Ainsi tous les documents relatifs à la commercialisation, en l’occurrence les contrats de vente devront être impérativement signés conjointement par le directeur commercial, pour le compte de l’OCI et le directeur commercial adjoint pour le compte de SOALKIM /SONATRACH. Cela ne fut pas le cas pour de nombreux contrats notamment au démarrage de l’Usine.

L’équipe du J.D.O a pu obtenir quelques contrats ou la partie algérienne n’est pas signataire. Ce qui, bien entendu, ne veut pas dire qu’elle n’était pas au courant.

 

Contrat de vente d’urée signé uniquement par le PDG sans le paraphe du partenaire algérien.

Toutefois cette manière de faire est plus que suspecte et amène un certain nombre de question.

Sur les 8 contrats, dont J.D.O a pu obtenir une copie, cinq concernent une filiale d’OCI, installée à DUBAI et dénommée «OCI Fertilizer Trading Limited -Dubaï Branch. »

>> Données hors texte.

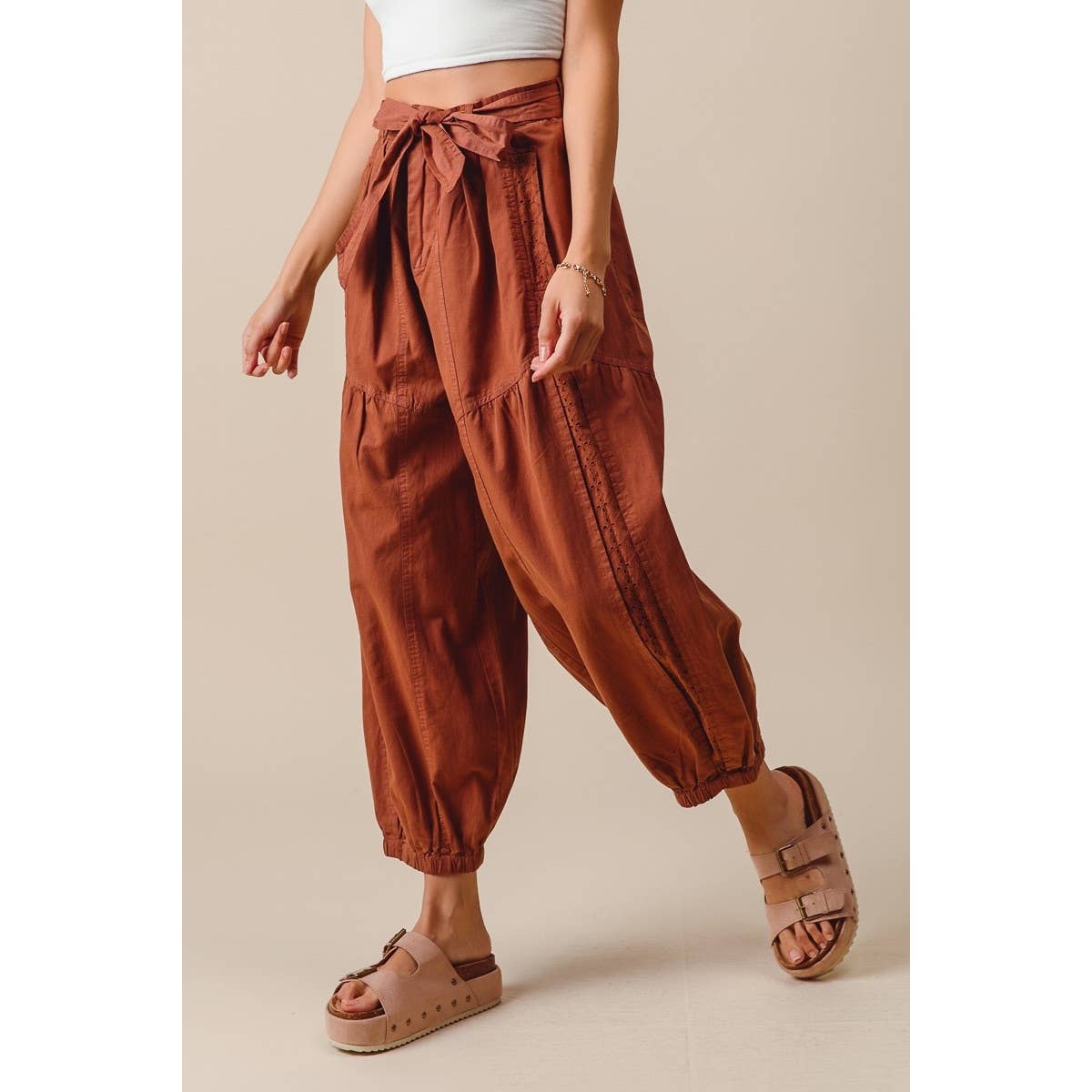 eyelet lace trimmed jogger pants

Ces contrats représentent plus de 35 millions de dollars dont 19 millions pour la vente de 45 000 tonnes d’ammoniaque et 16 millions pour la vente de 50 000 tonnes d’urée.

Le premier contrat, pour la vente d’ammoniaque a été établi le 26 septembre 2013. Le second, 10 jours plus tard. Quant au 3 ème contrat, il a été établi 20 jours plus tard, soit le 27 octobre 2013. Il y a eu, donc, à peine 1 mois entre ces trois contrats pour le même client et pour la  même matière. La variation entre les prix de la tonne ne dépasse pas les 29 dollars pour l’ammoniaque.

Les deux autres contrats de vente, établis avec cette filiale, concernent la cession de 50 000 tonnes d’urée en granulé.

Les contrats sont respectivement datés du 8 et 27 octobre 2013.

Sachant qu’il s’agit la d’un même client, en principe agrée par le C.A et tenant compte de la durée relativement très courte entre les commandes, il y a lieu de se demander pourquoi les responsables de la commercialisation n’ont pas établi un seul contrat pour chacun des produits, sur la base d’un prix moyen, quitte à réajuster les prix sur la dernière facturation s’il y a lieu. D’autant plus qu’il s’agit là d’une filiale de l’entreprise mère de la SORFERT ?

Cette question mérite certainement de l’intérêt mais elle n’est pas la seule et unique interrogation dans ces contrats.

De nombreux éléments apparaissent très étranges pour ne pas dire suspects. A commencer par l’identité du signataire du contrat qui n’est jamais établi. Alors que les autres contrats établis avec la SONATRACH, par exemple avec des clients européens, les signataires des contrats sont bel et bien identifiés.

C’est peut être pour «justifier» ces contrats que le 9 septembre 2013 que la direction juridique envoie un courrier adressé au PDG de SORFERT, à son adjoint et au président du conseil d’administration de SOALKIM, dans lequel elle souligne « qu’il y a des difficultés dans l’application de l’article 5 dans l’avenant du 27 mai 2013 de l’accord d’association » entre SONATRACH ET ORASCOM. La directrice juridique trouve « anormal » que les directeurs commerciaux soient habilités à signer sans que des seuils soient fixés.

Elle écrira : «En effet, les dispositions de l’Avenant à l’Accord d’Association, ne prévoient pas les seuils accordés au Directeur Commercial et au Directeur Commercial Adjoint, dans les formes réglementaires comme cela a été le cas pour les délégations de pouvoirs accordées par le Conseil d’Administration aux PDG et DGA, sachant que le C.A, en date du 18/07/2007, a délégué dans la limite de ses propres pouvoirs, sans préjudicier aux prérogatives entendus statutairement à l’Assemblée Générale des Actionnaires.»

 UN AMALGAME QUI SERT ORASCOM

contrat sonatrach

Pourquoi la directrice juridique tient-elle tant à fixer des seuils aux responsables commerciaux alors que leur principale activité est justement de vendre le maximum de produits, au meilleur coût, et le plus rapidement possible.

Comment pourrait-on fixer des seuils à des commerciaux alors que les prix sont établis par le marché international et donc sujet à des variations qui peuvent être très importantes.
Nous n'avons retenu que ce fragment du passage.